In my opinion the objection of the Dutch authorities is well founded. I do not think that the Colony of German New Guinea in British occupation is a British Colony, possession, or Protectorate within the meaning of the Treaties, nor does it appear that either offence was committed in the occupied territory, but rather that both were committed at sea. Moreover, neither of the alleged crimes is amongst those enumerated in Art.
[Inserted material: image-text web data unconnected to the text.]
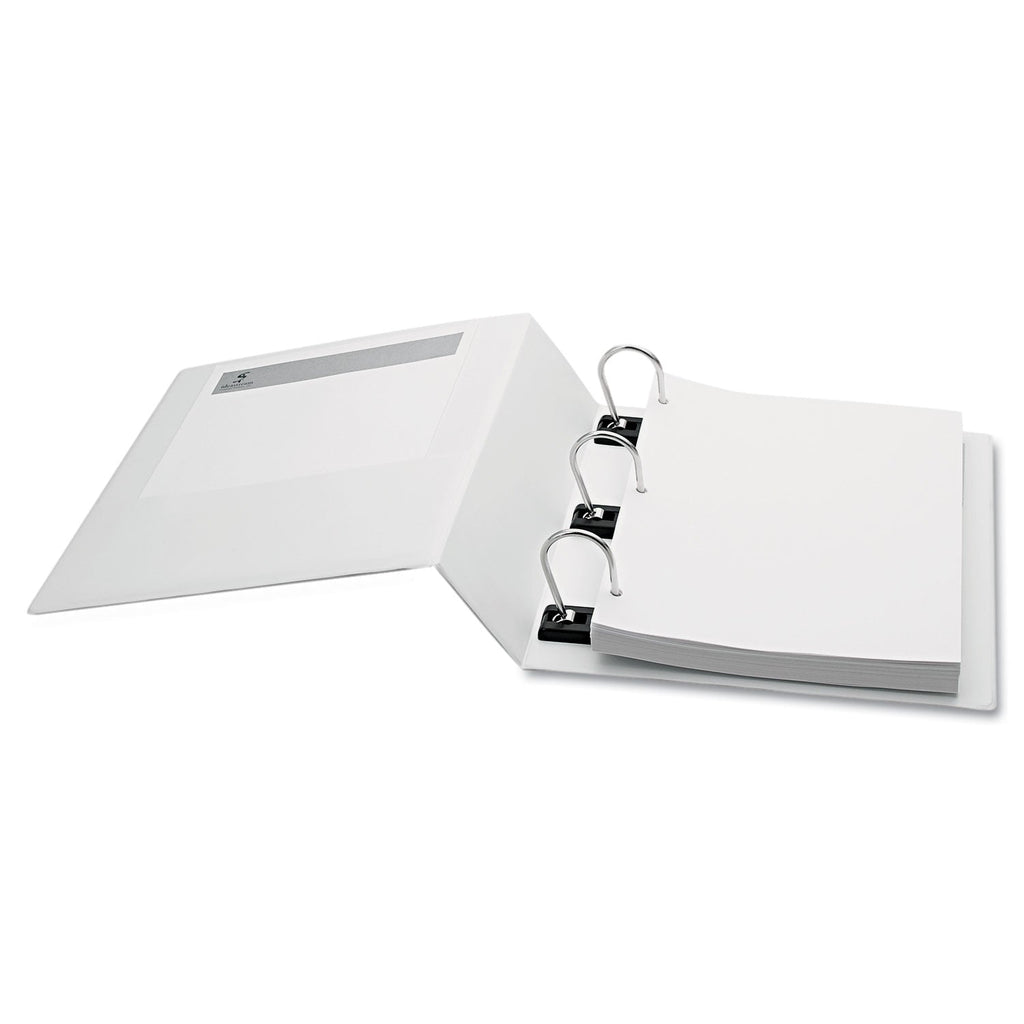 find It Gapless Loop Ring View Binder, 3 Rings, 4" Capacity, 11 x 8.5, White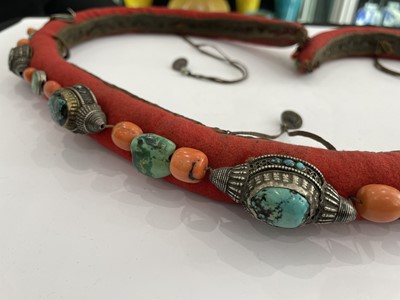Lot 829 - A LARGE GROUP OF TIBETAN JEWELLERY AND METALWORK.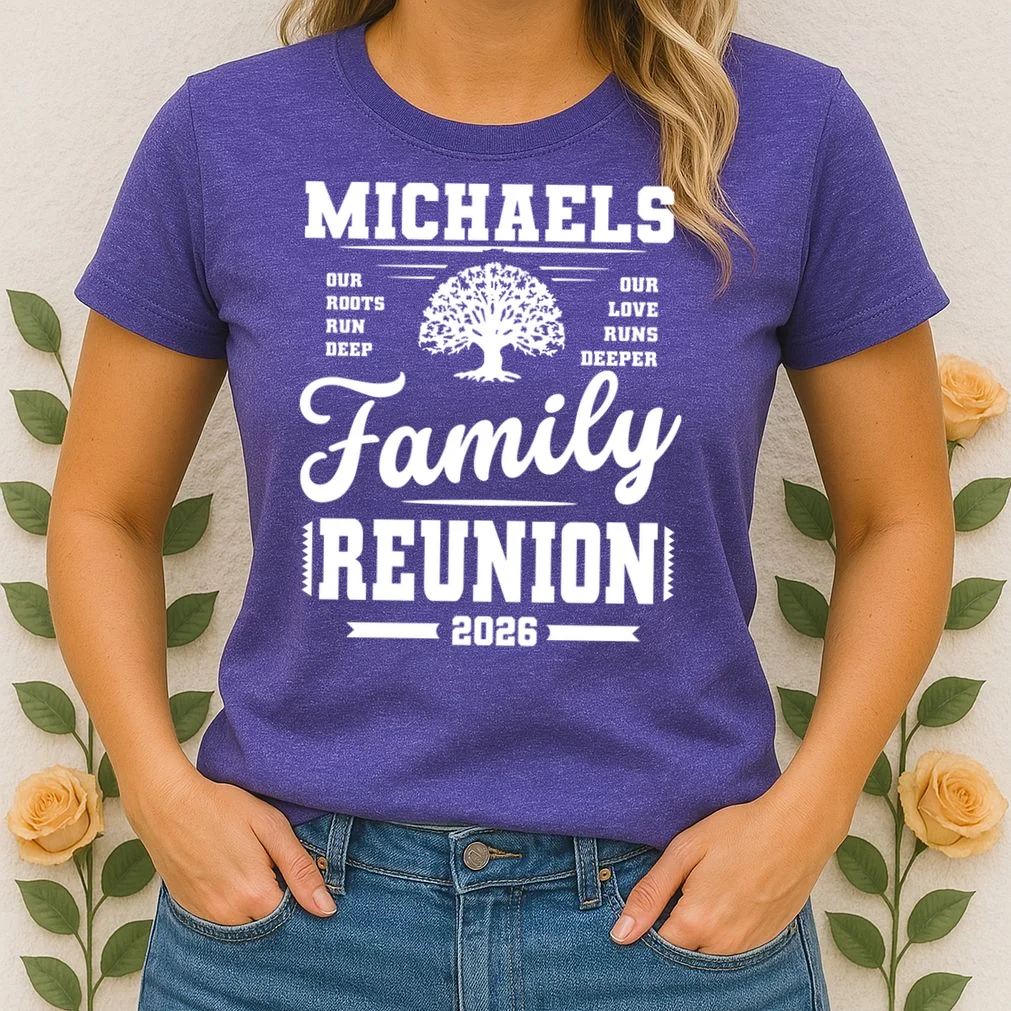 Roots Run Deep Custom Family Reunion Personalized Custom Name and Year Women's T-Shirt - Front 1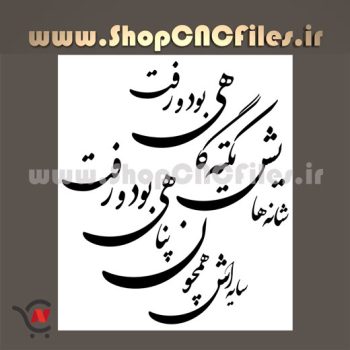 شعر سنگ مزار سایه اش همچون پناهی بود و رفت شانه هایش تکیه گاهی بود و رفت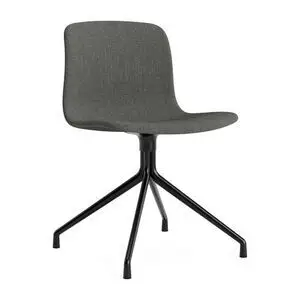 Hay - AAC11 Sort pulverlakeret aluminium 4-stjernet drejefod Standard glider - Sort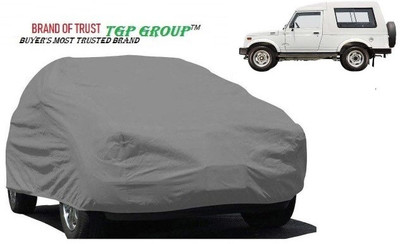 TGP GROUP Car Cover For Maruti Suzuki Gypsy (Without Mirror Pockets)(Grey)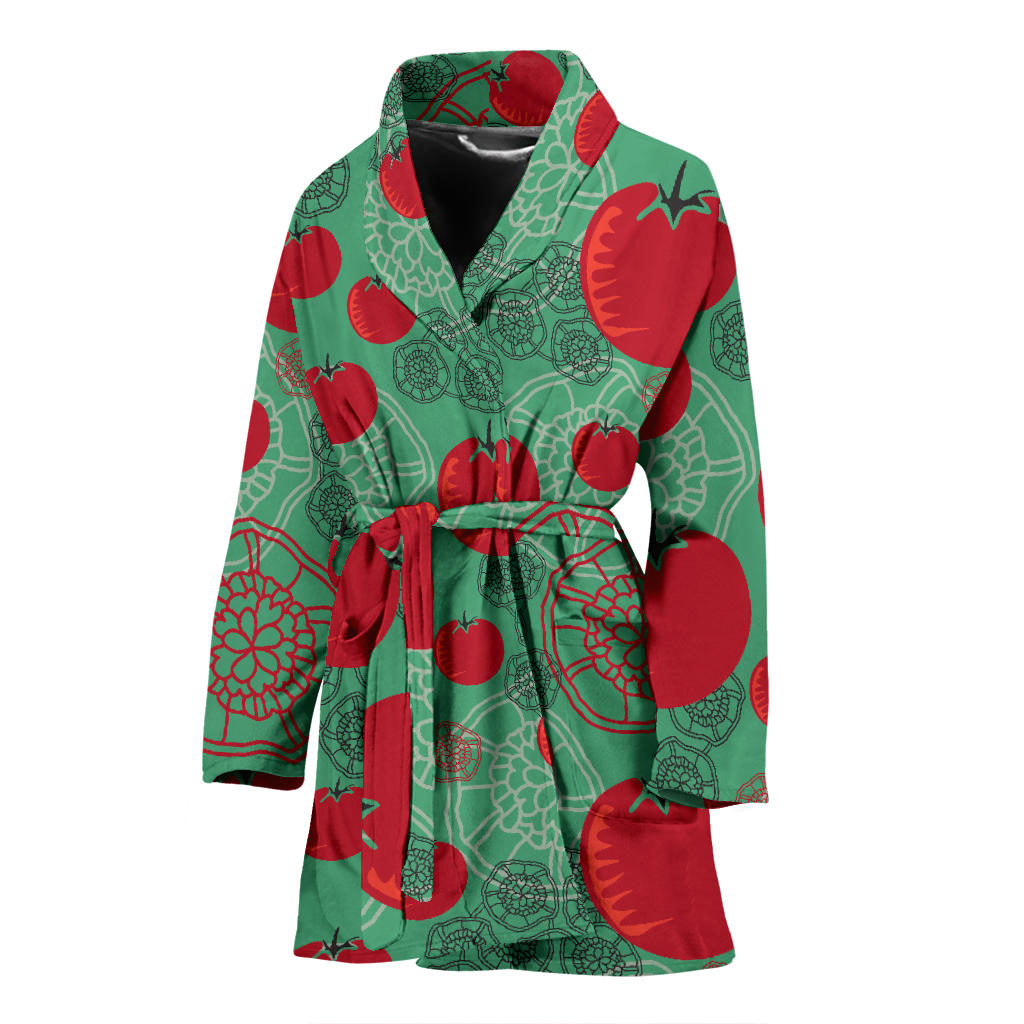 Tomato Design Pattern Women'S Bathrobe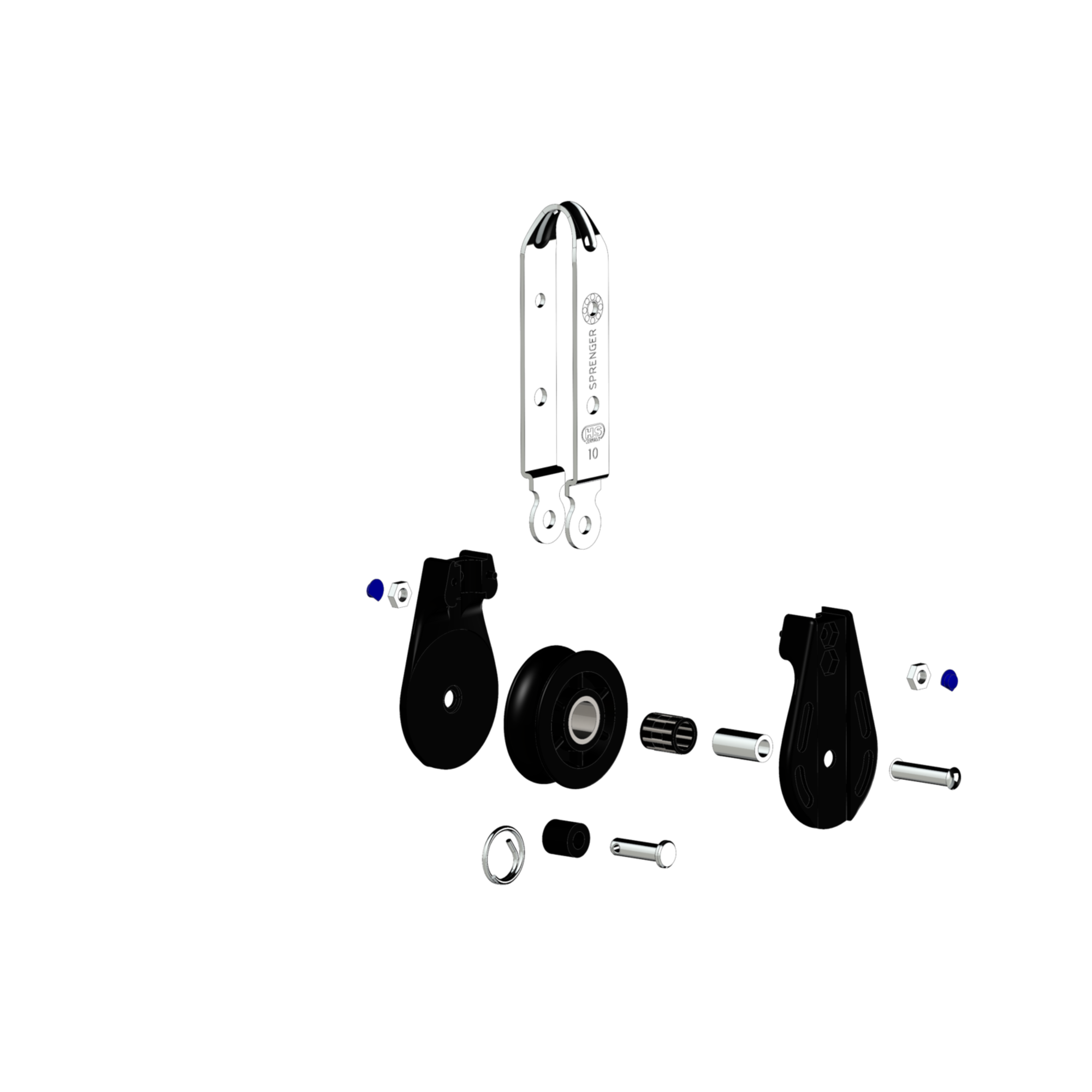 S Block Nadellager 10 mm 1 Rolle durchgehender Bügel Hundsfott | 3565330155_Explo01.png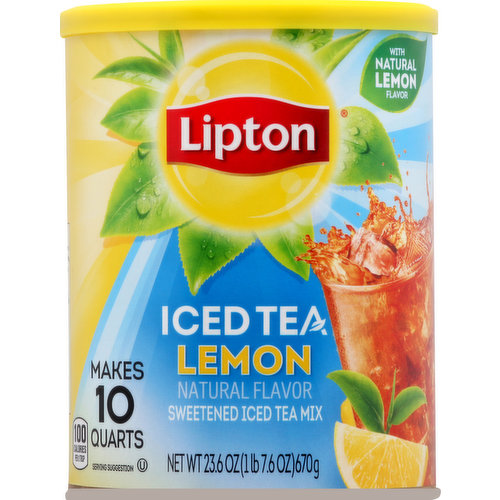 Lipton Iced Tea Mix, Lemon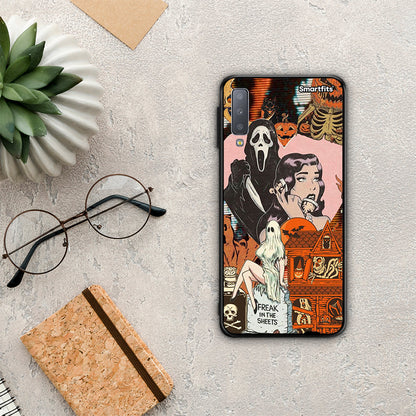 Halloween Collage - Samsung Galaxy A7 2018 θήκη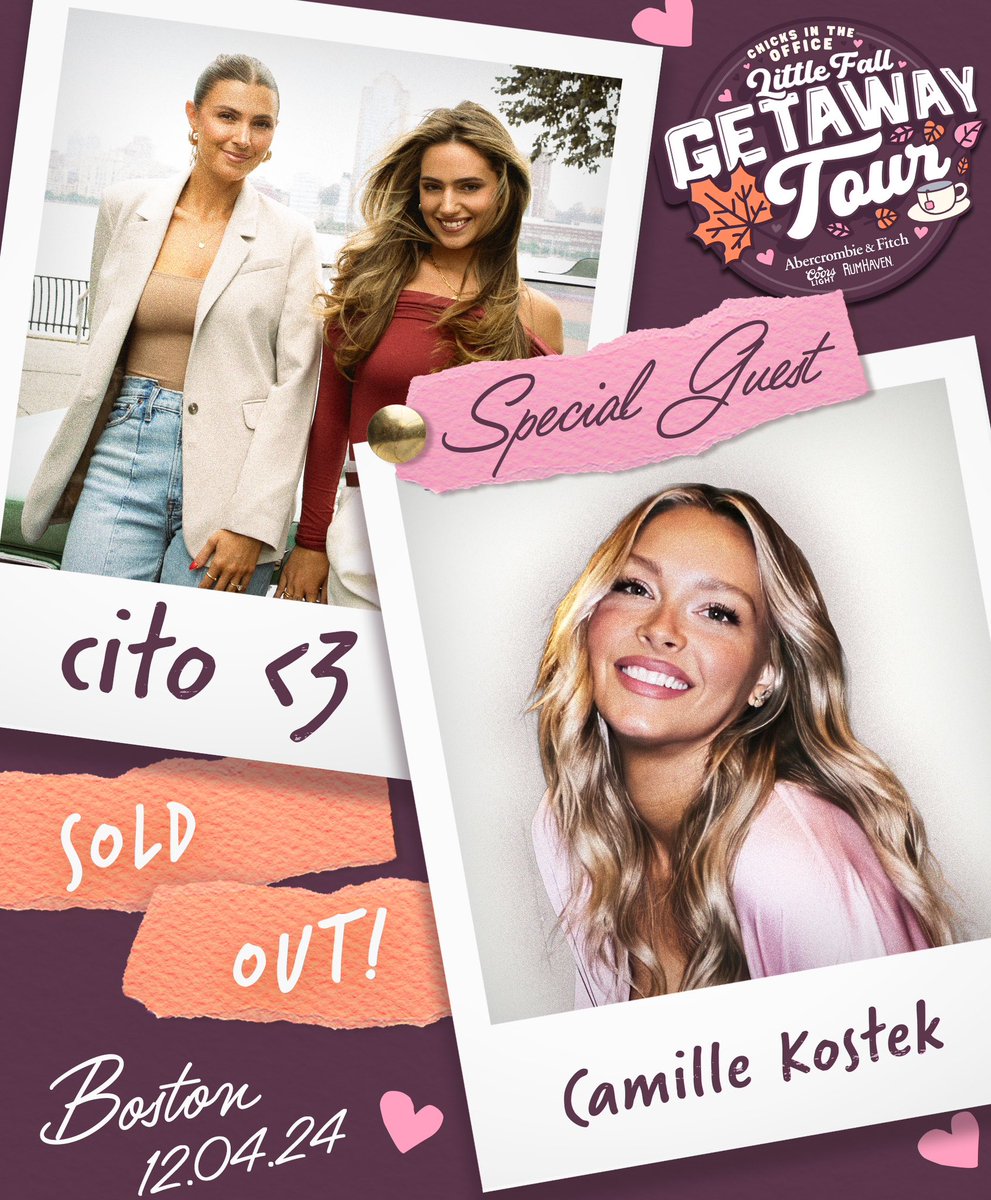We are so excited to have our girl Camille Kostek join us at our sold out Holiday Spectacular in Boston!! 🥹🎄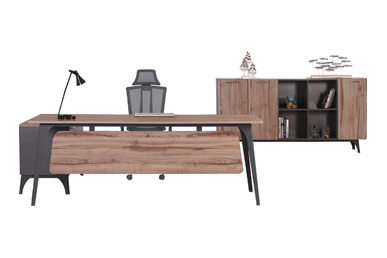 Caliberplus Sağ Etajerli Yönetici Takımı 220cm - küçük detay görsel 2 - Yönetici Takımları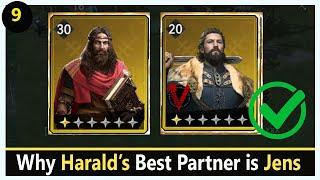 D9: 3 Reasons Why Harald's Best Partner is Jens || Viking Rise Tips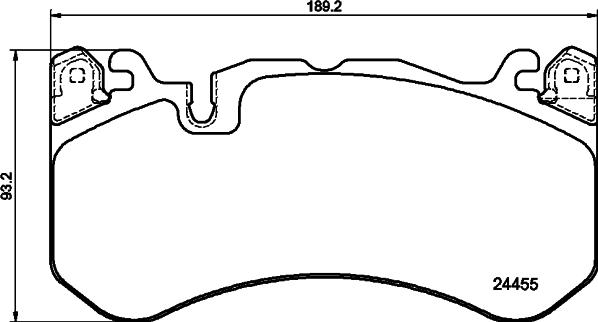 HELLA 8DB 355 025-011 - Гальмівні колодки, дискові гальма autozip.com.ua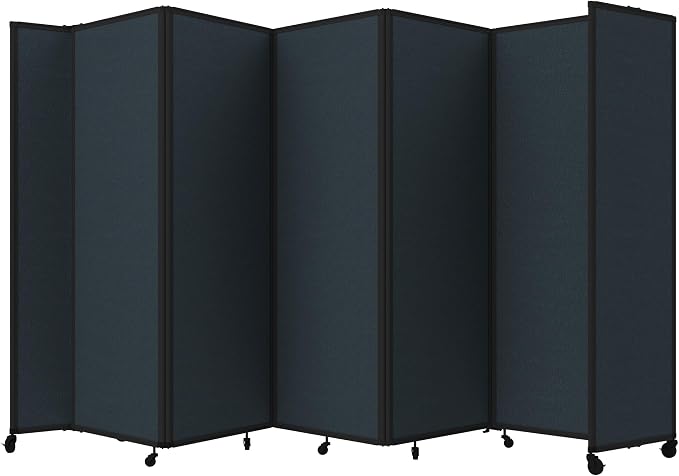 Versare Room Divider 360 Portable Wall Partition | Folding Panels | Large by VERSARE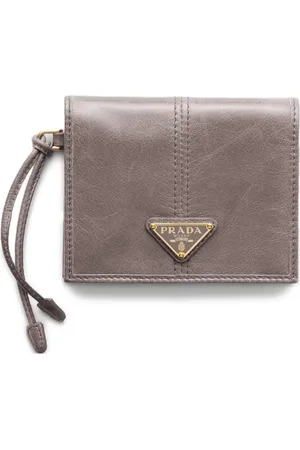 Prada Petit portefeuille à détail de logo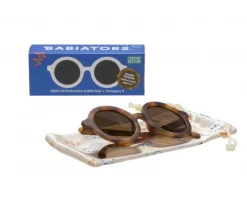 Gafas De Sol Para Niños^Babiators Gafas de Sol Flexibles (0-24meses) Euro Round Amber Lenses Classic Tortoise
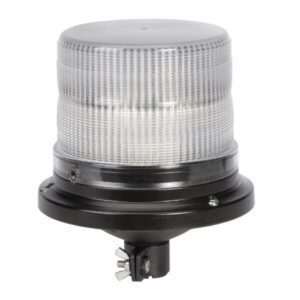 "Amber 12/24V LED Beacon Light - Narva Pole Mount for Maximum Visibility"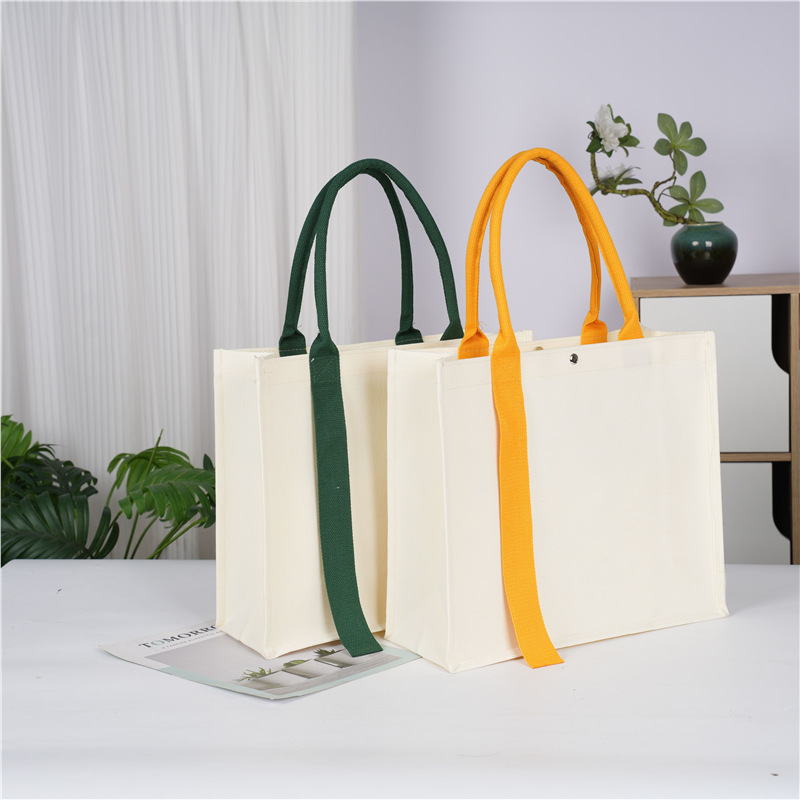 帆布袋定 做托特包帆布包环保袋加厚立体飘袋空白手提袋定 制飘带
II of the Treaty of 1898 as crimes for which extradition is to be granted, though both come within the general discretionary clause at the end.
As supporting the Dutch view I refer to Wheaton's Elements of International
Law, 5th edn, pp. 520-1:
The rights of occupancy, then, cannot be co-extensive with those of sovereignty. They are due to the military exigencies of the invader, and consequently are only provisional. The local inhabitants do not owe the occupant even temporary allegiance; and the national character of the locality is not legally changed.
And at p. 521:
It was held, too, in the French Courts, that a crime committed by a Frenchman in Spanish territory which was at the time occupied by the French forces, was a crime committed in foreign territory. I do not think, therefore, that further action at the present time would be likely to lead to the extradition of the accused.